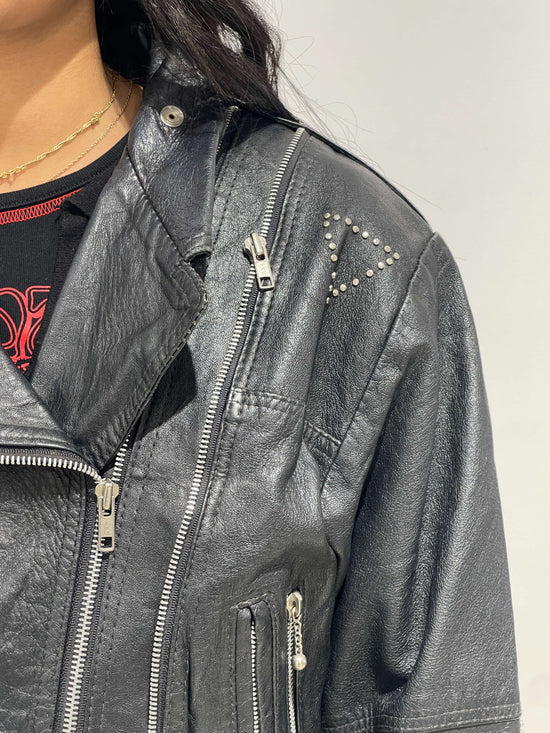 Vintage 90s Double Zip Up Leather Cropped Jacket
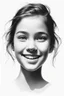 Placeholder: A realistic drawing in negative space black ink on white background of a beautiful front view of a young girl smiling with clear white face, all picture is bright white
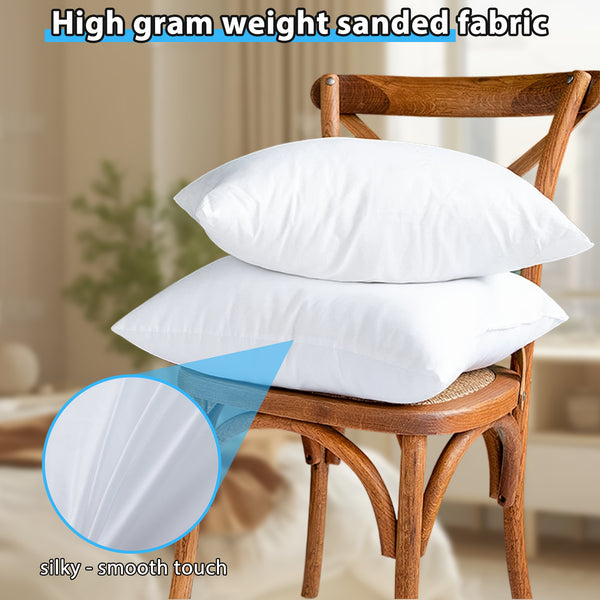 4pcs Fluffy Square Pillow Inserts with Zipper Closure - Plump White Stuffer Cushion Fillings, 100% Polypropylene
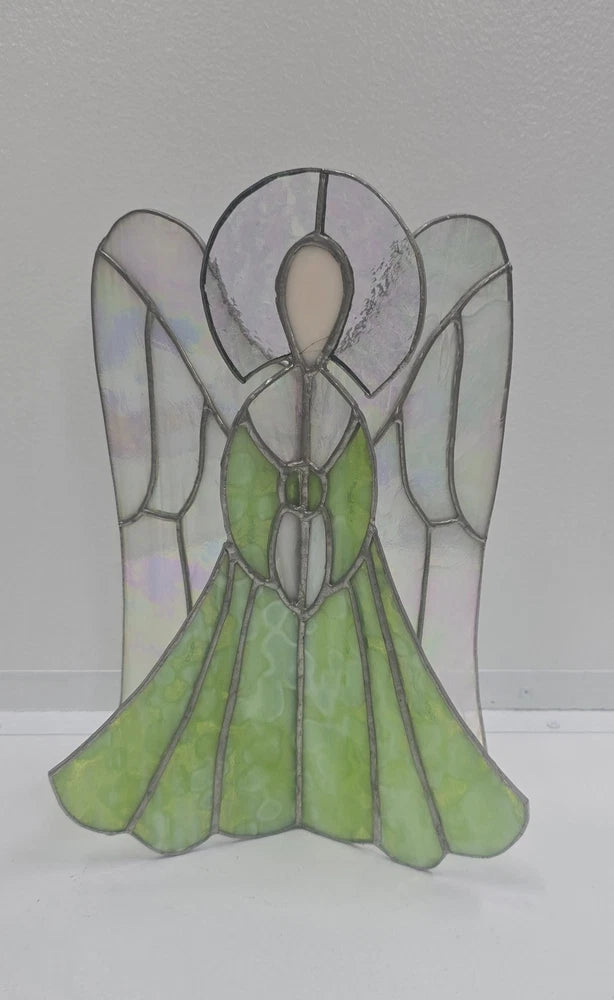 Stained Glass Angel Figurine Iridescent White Green Tabletop Suncatcher Decor Model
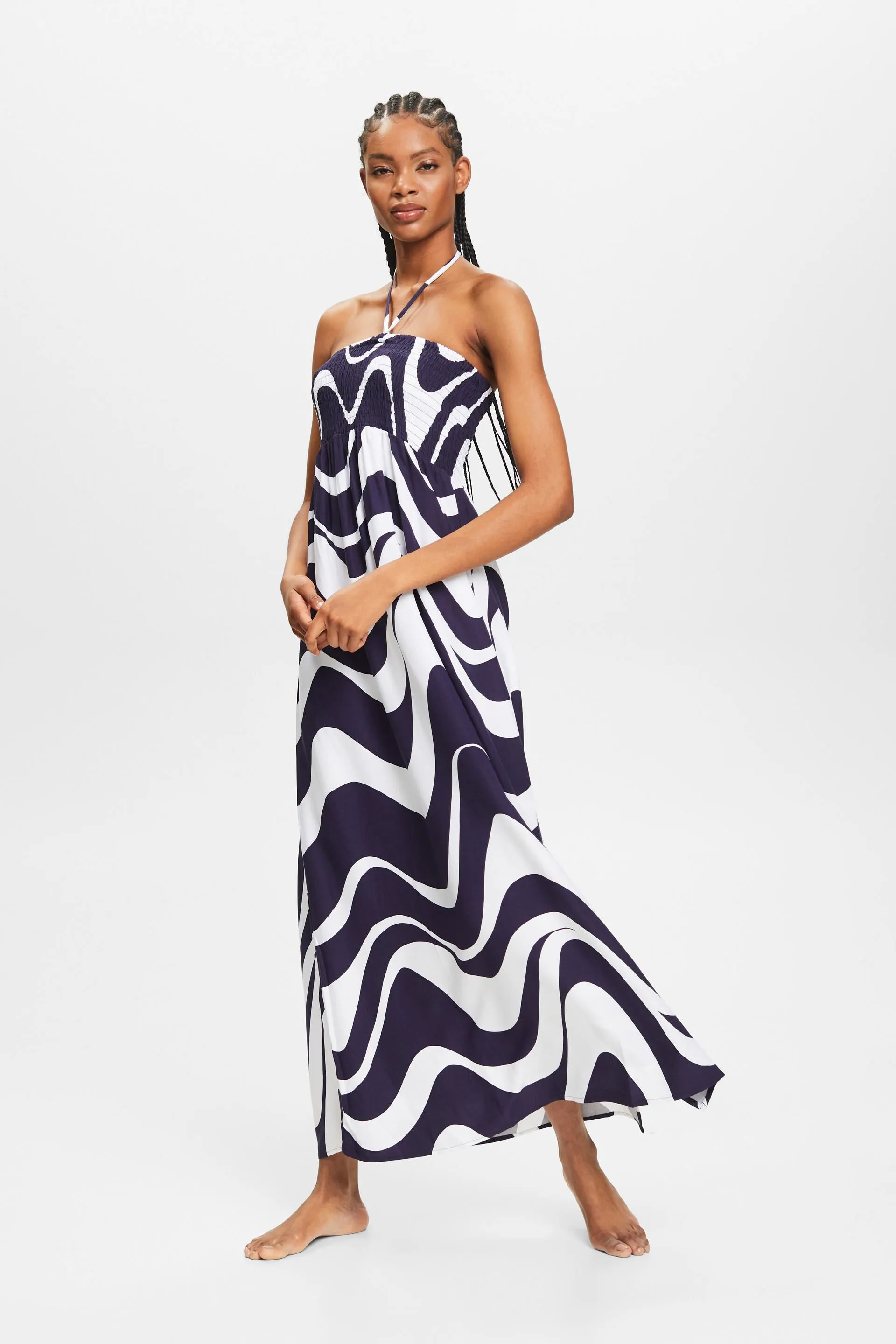 Abito maxi con stampa e allacciatura al collo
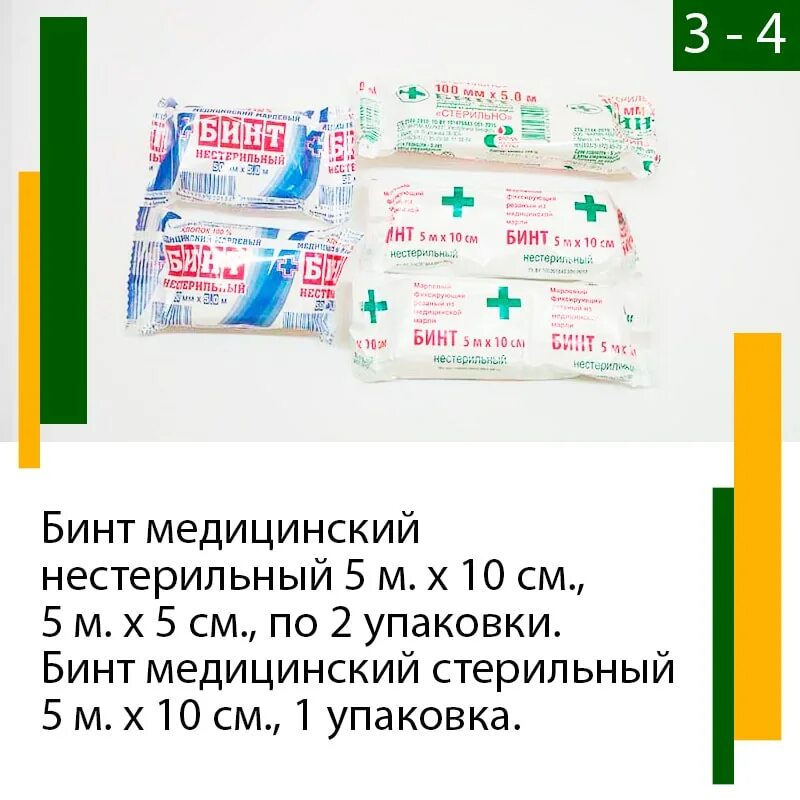 Упаковка бинтов нестерильных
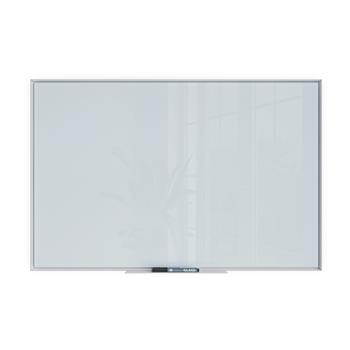 U Brands Glass Dry Erase Board, Only for use with High Energy Magnets, 23&quot; x 35&quot;, White Aluminum Frame, Frosted White Tempered Glass Surface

=== PROBLEM DETAILS ===
In transcribing the records, omit the pictures and keep everything else exactly as it appears.

=== COMPLETED EXERCISE ===
 Vintage 90s Double Zip Up Leather Cropped Jacket
 Placeholder: A realistic drawing in negative space black ink on white background of a beautiful front view of a young girl smiling with clear white face, all picture is bright white
 4pcs Fluffy Square Pillow Inserts with Zipper Closure - Plump White Stuffer Cushion Fillings, 100% Polypropylene
 Stained Glass Angel Figurine Iridescent White Green Tabletop Suncatcher Decor Model
 Abito maxi con stampa e allacciatura al collo
 Упаковка бинтов нестерильных
 U Brands Glass Dry Erase Board, Only for use with High Energy Magnets, 23&quot; x 35&quot;, White Aluminum Frame, Frosted White Tempered Glass Surface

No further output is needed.